(Source material)
════════

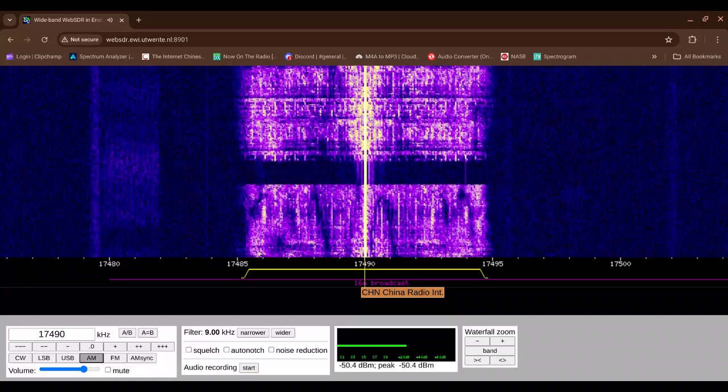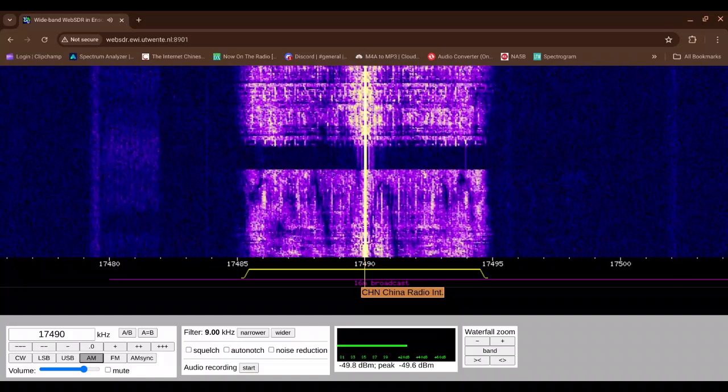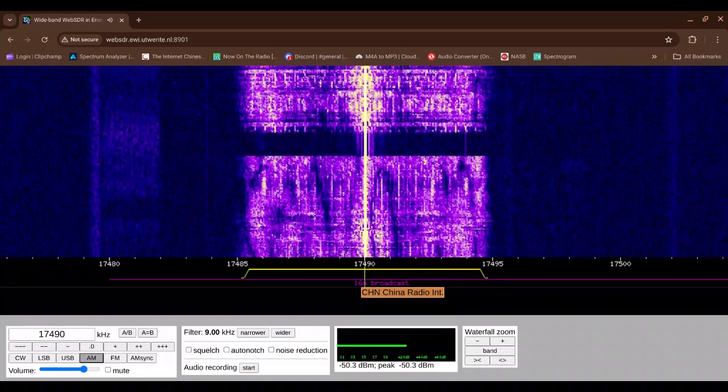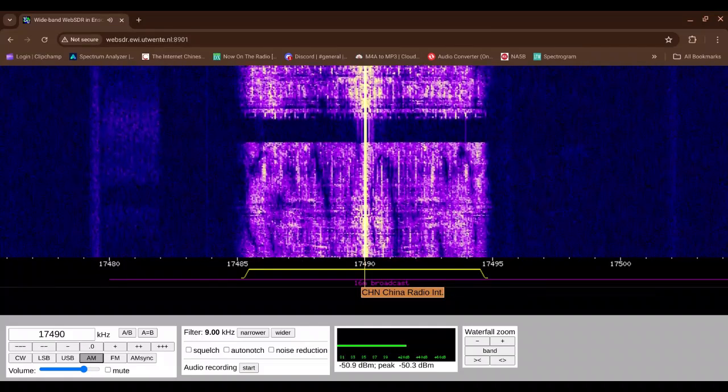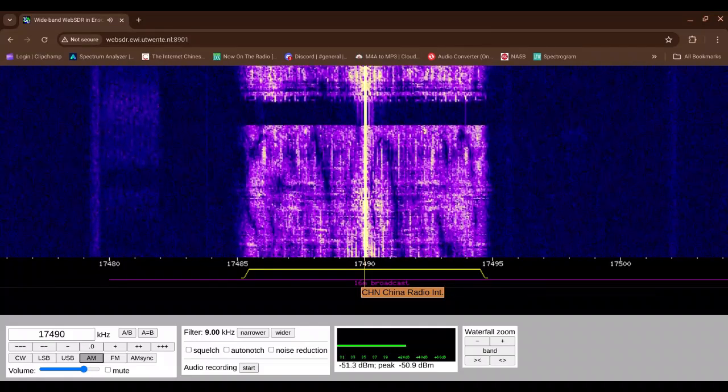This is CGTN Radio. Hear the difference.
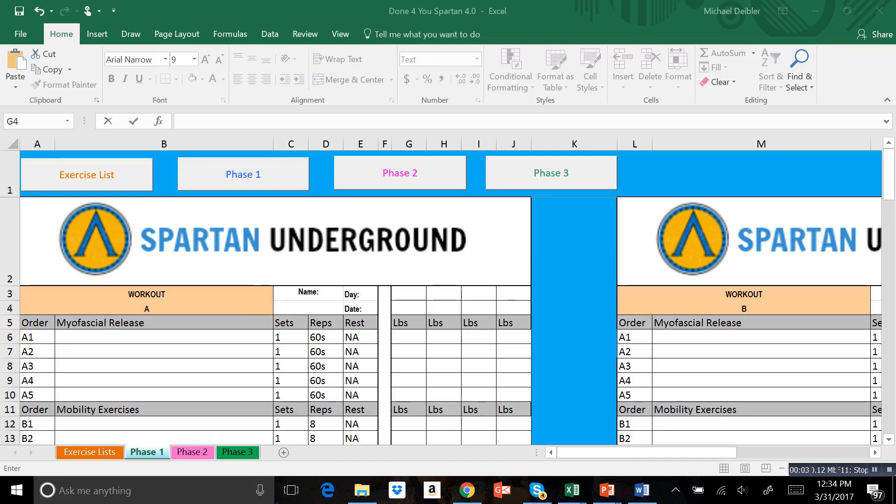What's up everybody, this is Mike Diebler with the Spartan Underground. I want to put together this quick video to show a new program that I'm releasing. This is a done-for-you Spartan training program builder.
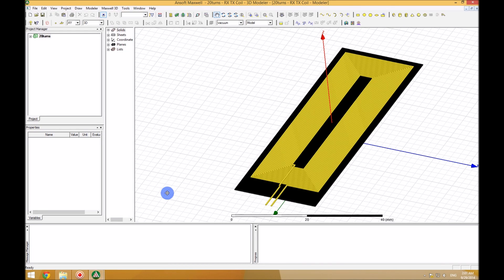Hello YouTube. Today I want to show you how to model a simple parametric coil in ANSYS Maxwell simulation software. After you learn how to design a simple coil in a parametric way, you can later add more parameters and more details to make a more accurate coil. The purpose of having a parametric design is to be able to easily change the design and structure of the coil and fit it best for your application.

════════

(What to work on)
Give the preceding data back exactly, minus every picture.

(Response)
This is CGTN Radio. Hear the difference.
What's up everybody, this is Mike Diebler with the Spartan Underground. I want to put together this quick video to show a new program that I'm releasing. This is a done-for-you Spartan training program builder.
Hello YouTube. Today I want to show you how to model a simple parametric coil in ANSYS Maxwell simulation software. After you learn how to design a simple coil in a parametric way, you can later add more parameters and more details to make a more accurate coil. The purpose of having a parametric design is to be able to easily change the design and structure of the coil and fit it best for your application.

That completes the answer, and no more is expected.